This post was first published in March, 2015. —ed.
As the authoritative, inerrant, and sufficient Word of God, we know Scripture tells us everything we need to know about Christ’s suffering and death on the cross. But there is a sense in which we miss the full weight of His sacrifice with just a simple reading of the text. His hours and hours of agony simply cannot be encapsulated in a few short passages.
To help understand the pain He endured on our behalf, we’ve been examining His final statements from the cross. Today we’ll look at two more that illustrate both the extent of His suffering and the purpose for which He was willing to endure it.
A Plea for Relief
“After this, Jesus, knowing that all things had already been accomplished, to fulfill the Scripture, said, ‘I am thirsty.’” (John 19:28). This was Christ’s fifth utterance from the cross. As the end neared, Christ uttered a final plea for physical relief. Earlier He had spat out the vinegar mixed with painkiller that had been offered Him. Now, when He asked for relief from the horrible thirst of dehydration, He was given only a sponge saturated with pure vinegar. John writes, “A jar full of sour wine was standing there; so they put a sponge full of the sour wine upon a branch of hyssop and brought it up to His mouth” (John 19:29).
In His thirst we see the true humanity of Christ. Although He was God incarnate, in His physical body, He experienced all the normal human limitations of real human flesh. And none was more vivid than this moment of agonizing thirst after hours of hanging on the cross. He suffered bodily to an extent few have ever suffered. And—again, so that the Scriptures might be fulfilled—all He was given to salve His fiery thirst was vinegar. “They also gave me gall for my food and for my thirst they gave me vinegar to drink” (Psalm 69:21).
A Proclamation of Victory
John’s account of the crucifixion continues: “When Jesus had received the sour wine, He said, ‘It is finished!’” (John 19:30). In the Greek text, this sixth utterance of Jesus from the cross is a single word: Tetelestai! Luke 23:46 indicates He made this cry “with a loud voice.”
It was a triumphant outcry, full of rich meaning. He did not mean merely that His earthly life was over. He meant that the work the Father had given Him to do was now complete. As He hung there, looking every bit like a pathetic, wasted victim, He nonetheless celebrated the greatest triumph in the history of the universe. Christ’s atoning work was finished; redemption for sinners was complete; and He was triumphant.
Christ had fulfilled on behalf of sinners everything the law of God required of them. Full atonement had been made. Everything the ceremonial law foreshadowed had been accomplished. God’s justice was satisfied. The ransom for sin was paid in full. The wages of sin were settled forever. All that remained was for Christ to die so that He might rise again.

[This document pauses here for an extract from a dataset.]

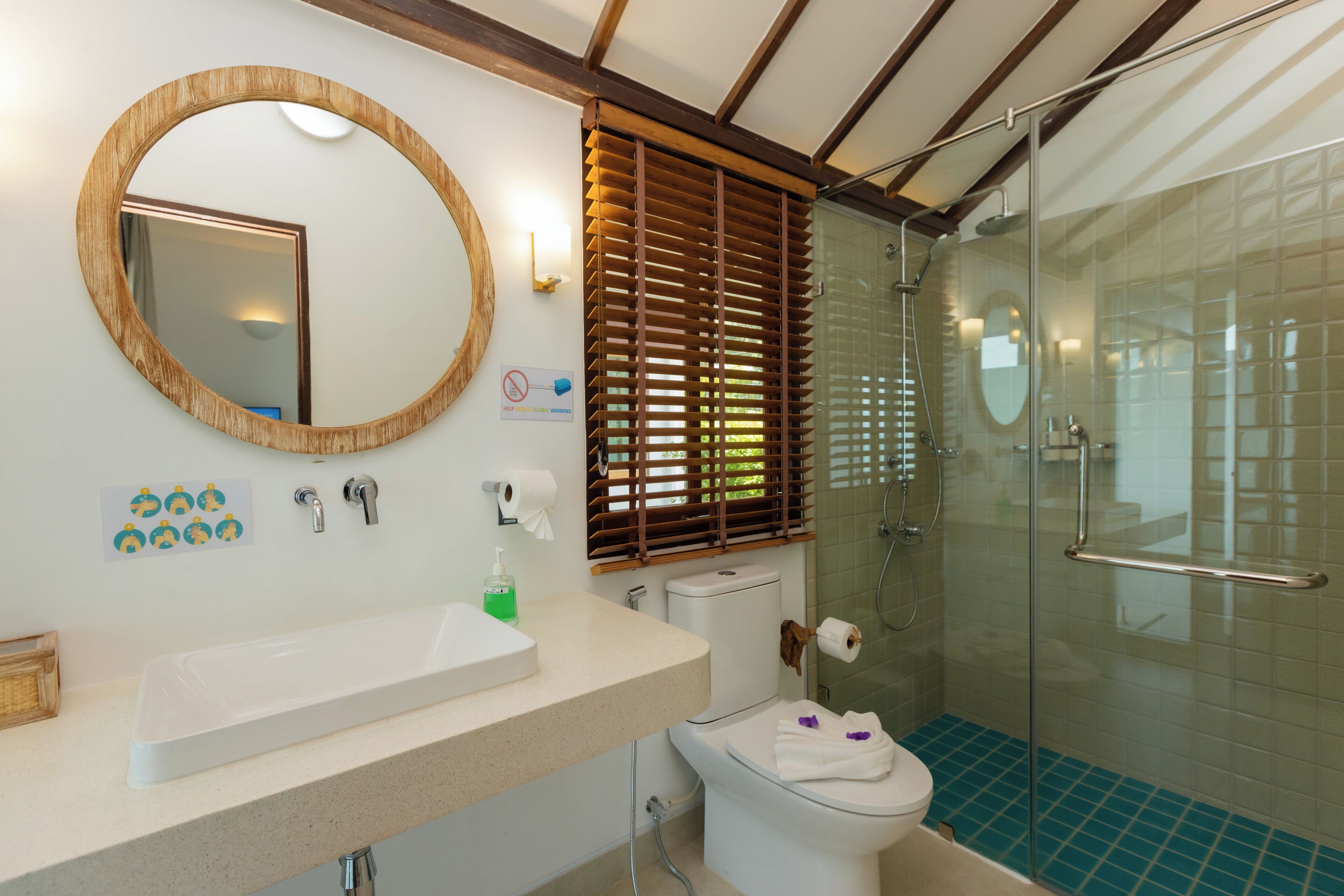 A bathroom with a white sink, a toilet, a glass shower enclosure, and wooden blinds.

That is why nothing can be added to the work of Christ for salvation. No religious ritual—neither baptism, nor penance, nor any other human work—needs to be added to make His work effectual. No supplemental human works could ever augment or improve the atonement He purchased on the cross. The sinner is required to contribute nothing to earn forgiveness or a right standing with God; the merit of Christ alone is sufficient for our full salvation.
Tetelestai! His atoning work is done. All of it. “For by grace you have been saved through faith; and that not of yourselves, it is the gift of God; not as a result of works, so that no one may boast” (Ephesians 2:8–9).